What to do
Every picture should be left out, but the lines below must be repeated exactly.

Dataset section
________________________

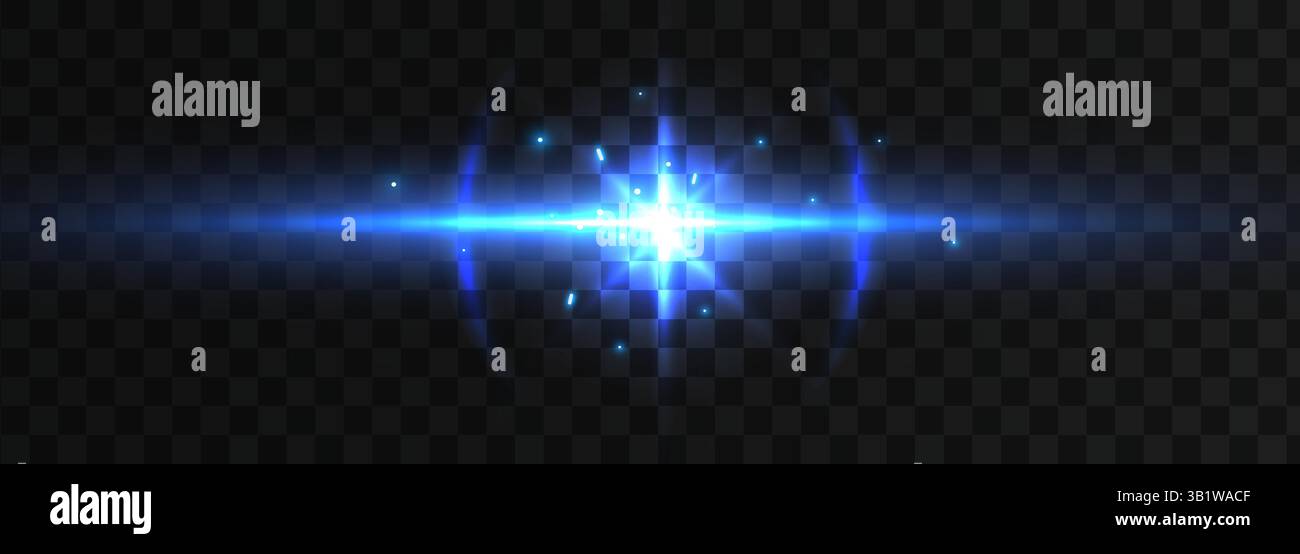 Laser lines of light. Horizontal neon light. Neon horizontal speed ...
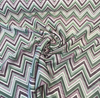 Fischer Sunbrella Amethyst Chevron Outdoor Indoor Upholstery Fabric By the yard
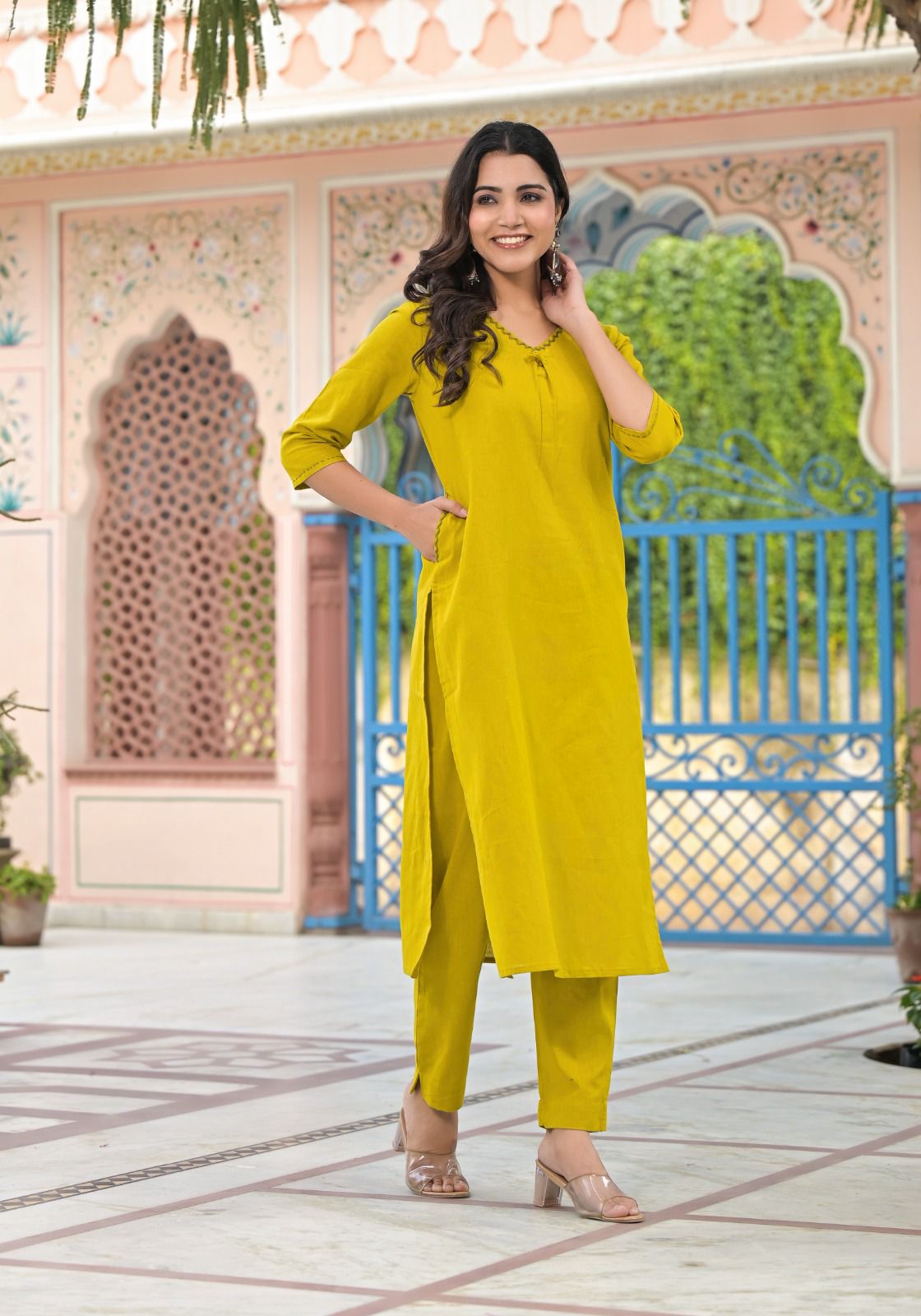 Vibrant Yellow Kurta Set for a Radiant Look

________________________

Result of the exercise
 Laser lines of light. Horizontal neon light. Neon horizontal speed ...
 Fischer Sunbrella Amethyst Chevron Outdoor Indoor Upholstery Fabric By the yard
 Vibrant Yellow Kurta Set for a Radiant Look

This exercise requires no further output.